But he does not blame his teachers for failing to help. He has no doubt that they would have offered him more support if it had not been for the notorious Section 28 legislation, which prohibits local authorities from promoting either homosexuality or the "acceptability of homosexuality as a pretended family relationship".
The Government is to repeal Section 28, which has caused confusion within local education authorities and their schools over how to handle the subject.
Meanwhile Tory leader William Hague appears to be rethinking his hard-line position on the Act, since sacking Shaun Woodward from his front benches after he spoke out supporting the Government's line.
John, who asked for his real name to be withheld, went to school in Mr Woodward's Witney constituency in Oxfordshire. He said: "I used to be bullied all the time. The abuse has happened throughout my life from as early as I can remember.
"One day when I was at school, in a science lesson, the teacher was out of the class and this girl shouted 'Oi, poofter'. That was the day I just went completely psycho. I went into the headteacher's office and found the deputy there.

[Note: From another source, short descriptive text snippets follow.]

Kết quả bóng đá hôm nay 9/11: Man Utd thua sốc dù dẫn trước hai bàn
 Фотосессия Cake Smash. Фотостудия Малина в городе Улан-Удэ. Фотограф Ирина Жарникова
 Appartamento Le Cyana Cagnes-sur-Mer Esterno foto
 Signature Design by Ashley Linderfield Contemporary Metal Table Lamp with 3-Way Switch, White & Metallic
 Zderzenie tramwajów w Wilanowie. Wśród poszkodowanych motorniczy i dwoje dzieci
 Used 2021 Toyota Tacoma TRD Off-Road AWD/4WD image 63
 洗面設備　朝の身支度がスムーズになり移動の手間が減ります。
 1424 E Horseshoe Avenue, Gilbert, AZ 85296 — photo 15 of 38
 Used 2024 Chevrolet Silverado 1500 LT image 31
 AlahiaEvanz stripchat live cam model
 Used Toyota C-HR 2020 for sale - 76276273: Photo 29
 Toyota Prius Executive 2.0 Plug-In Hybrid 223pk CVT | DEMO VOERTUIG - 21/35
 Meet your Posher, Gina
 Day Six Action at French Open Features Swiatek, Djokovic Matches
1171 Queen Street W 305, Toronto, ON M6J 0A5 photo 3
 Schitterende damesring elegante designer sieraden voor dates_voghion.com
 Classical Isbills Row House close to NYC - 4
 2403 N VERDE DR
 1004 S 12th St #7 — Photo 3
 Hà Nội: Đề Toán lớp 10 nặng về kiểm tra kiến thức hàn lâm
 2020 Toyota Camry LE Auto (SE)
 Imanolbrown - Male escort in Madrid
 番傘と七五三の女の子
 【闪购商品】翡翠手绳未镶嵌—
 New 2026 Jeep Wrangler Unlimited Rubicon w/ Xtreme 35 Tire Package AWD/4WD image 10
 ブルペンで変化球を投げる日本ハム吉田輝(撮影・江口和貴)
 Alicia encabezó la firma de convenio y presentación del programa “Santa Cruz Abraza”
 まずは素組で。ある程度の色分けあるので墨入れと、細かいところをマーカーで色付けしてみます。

"She was really lovely about it. We had a very good relationship. She suggested I should talk to my doctor, which I did, and he referred me to a psychologist. But the psychologist was no help.
"If I had been able to talk properly to my teacher and she had been able to put her arm around me and tell me it was all right to be different, it would have been so much easier to cope."
John's belief that Section 28 prevented his teachers from saying homosexuality was acceptable, and made it harder for them to help him, was supported by his former deputy head.
She said: "I have always felt that I wasn't able to help him in the way I really wanted to. It is perfectly natural for teachers to support their pupils when they are distressed and this should apply to all pupils, regardless of their sexuality.
"We really have been impaired by Section 28 and what it says about the acceptability of homosexuality."
John said he was predicted to get As and Bs in his GCSEs, but ended up with one A, two Cs and the rest Es. He said: "It means that, just because a few politicians are homophobic, people like me are deprived of an education - because of what happens to them at the most vulnerable time of their life."
Andrew Smith, chief secretary to the Treasury and MP for Oxford East said:
"Repealing Section 28 is a common sense measure, which will help to prevent anti-gay bullying in our schools and on our streets."